次のデータ(注1)を見ると定年より前の年代でも、1割ぐらいがんに直面する可能性があるとわかります。
がんは誰にでも起こりうる、ごく身近な現実のリスクです。
日本の受診率の低さとその代償
がんの被害を減らす有力な手段が早期発見のためのがん検診です。がんは早期に発見して治療すれば助かる可能性が高い病気です。しかし日本の検診受診率は欧米に比べて著しく低いのです。乳がんや子宮頸(けい)がんの検診受診率を見ると、米国や英国では対象者の約80%前後が受診しているのに対し、日本ではわずか40%台です。胃がん、肺がんなど他の検診も同様で、日本ではいずれも50%前後。この差は深刻です。
がんの中でも早期に発見できれば非常に治りやすいと言われる大腸がんを見てみましょう。米国では、1970年代から2016年までの間に大腸がん死亡率が53%も減少し、17年に大腸がん死亡者数は約5万人になりました。同じ年の日本の大腸がん死亡者数も約5万人です。約3億人の米国と、その約3分の1の約1億2000万人の日本の人口規模から考えると死亡数が際立って少なく抑えられているのです 。
その理由が検診受診率です。米国では、50~75歳の約63%が大腸がん検診(便潜血検査や内視鏡検査)を受けているという報告があります。一方、国民生活基礎調査によれば日本の大腸がん検診受診率は45.9%です(40~69歳、2022年)。検診を受ける人の差がそのまま「治せるうちに見つかる人」の差となり、生存率や死亡率の違いを生んでいるのです(注2)。
がん診断が家計と人生に与える衝撃
自分や家族ががんになって受ける影響は健康面だけではありません。経済的にも大きな打撃を受けます。
近年、革新的ながん治療薬の開発により、多くのがん患者さんの生存期間が大幅に延びました。医学的には素晴らしい進歩ですが、同時に治療費の高騰という新たな課題も生まれています。
大腸がん患者の半分が生存する期間(生存期間中央値といいます)は20年前の約8カ月から、現在は35カ月(約3年)と4倍以上に延びました。治療成績の向上で投薬期間も長くなり、結果として患者さんの薬剤費負担も増大しています。まさに「長生きリスク」という皮肉な状況で、治療が長引くほど自己負担がかさみ、資産を取り崩すリスクが高まるのです。
日本には高額療養費制度(1カ月の自己負担額上限を所得に応じて抑える制度)がありますが、患者の自己負担額は決して小さくありません。筆者の試算によれば、高額療養費制度を利用しても、現役並み所得の方は3年間で270万〜600万円の自己負担が生じます。

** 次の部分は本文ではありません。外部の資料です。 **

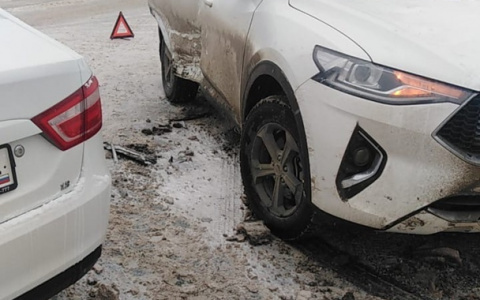 В лобовом столкновении легковушек в центре Йошкар-Олы пострадал пассажир иномарки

例えば、ある50代の肺がん患者さんは、1錠2万円の分子標的薬を3年半にわたり服用し、公的保険適用後でも総医療費は約800万円に達しました。高額療養費制度のおかげで自己負担は月4万~9万円程度に収まっていますが、それでも毎月かなりの出費です。しかしこうしたことはあまり知られていません。
乳がん検診で使われるマンモグラフィー=東京都新宿区で2020年10月、熊谷豪撮影
他の例を挙げると、大腸がん(ステージ4)の薬剤費は15年前と比べて10〜50倍に増加し、3年間の総薬剤費は800〜3500万円にもなります。

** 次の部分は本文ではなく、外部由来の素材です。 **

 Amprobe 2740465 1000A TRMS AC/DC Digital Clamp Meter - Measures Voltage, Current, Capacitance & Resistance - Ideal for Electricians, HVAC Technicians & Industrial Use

さらに、がんは人生設計にも影響を及ぼします。働き盛りでがんになれば、仕事を続けられなくなるケースも少なくありません。ある調査によれば、がんと診断された社員の約3割が最終的に職場を退職していたといいます。治療のために休職や退職を余儀なくされれば、収入の途絶やキャリアの中断につながります。住宅ローンやお子さんの教育費など将来計画が狂い、「こんなはずではなかったのに」と嘆く声が現場では聞かれます。がん罹患は医療費だけでなく、仕事や生活全般にわたって想定外のコストを強いる出来事と言えるでしょう。
命と資産を守るための「投資」
従来、がん検診の啓発では命を守ることを強調していたため、経済面への影響は一般の方々にあまり認識されていませんでした。しかしがん検診でがんを早期発見し、早期治療につなげることは、命を守るだけでなく、結果的に資産と家族を守ることにつながります。

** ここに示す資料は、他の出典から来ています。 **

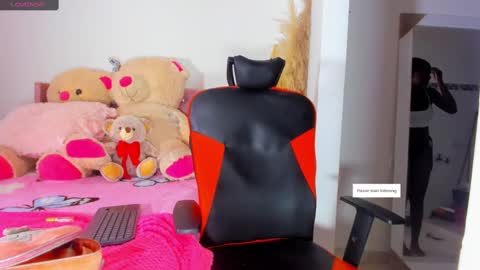 Snapshot of jessyleinner chatting on October 2025 11:19:01 AM Jessy online show from October 2025 11:19:01 AM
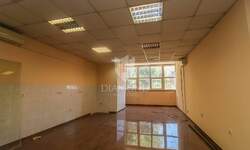 Poslovni prostor, Pula, prodaja, 110000 €, 52 m2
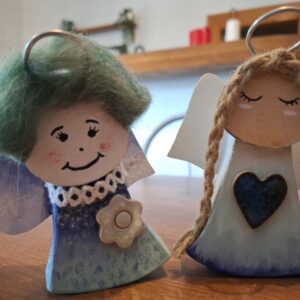 Dwa lniane anioły – bieszczadzkie duszki w błękitnych i białych sukienkach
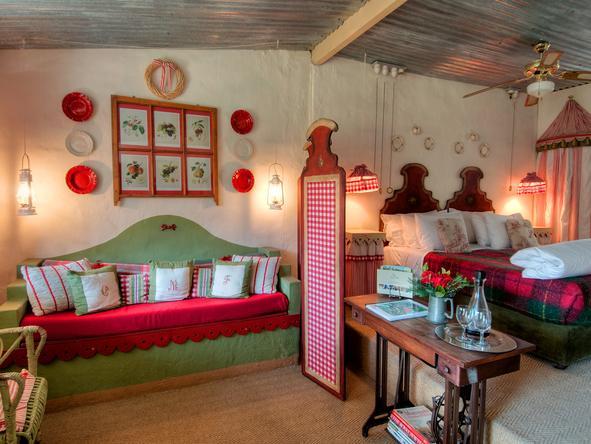 Cleopatra Mountain Farmhouse - Private Lounge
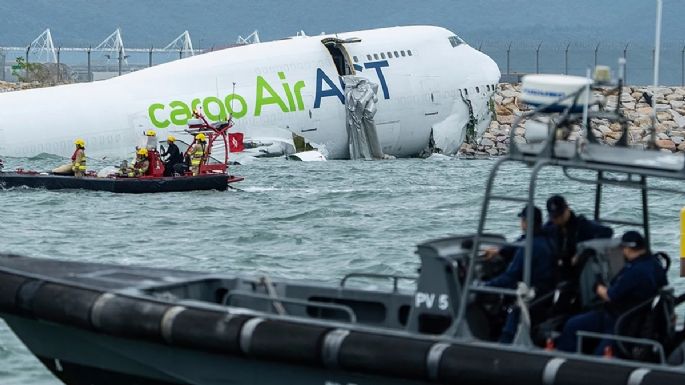 Un avión se despistó en el aterrizaje, cayó al mar y murieron dos personas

検診はコストがかかると思われがちですが、その費用は治療費に比べればごくわずかです。自治体によっては助成制度があり、数千円程度で受けられます。中には無料クーポンを配布している自治体もあります。仮に自己負担で数万円かかったとしても、治療の自己負担額に比べれば微々たるものです。言わば「自分への投資」や「保険」と考えてください。
私たちは自動車保険や火災保険にお金をかけます。それは万が一の事故や災害から大切な資産を守るためですよね。同じように、がん検診に時間とお金を少し投じておけば、将来の自分の命や貯蓄を守ることにつながるのです。
もちろん将来の治療費に備えて民間のがん保険に入るのも一つの対策でしょう。しかし財産を部分的に守れても、人生の楽しみや快適さを守るという意味ではがん検診に取って代われるとは言えません。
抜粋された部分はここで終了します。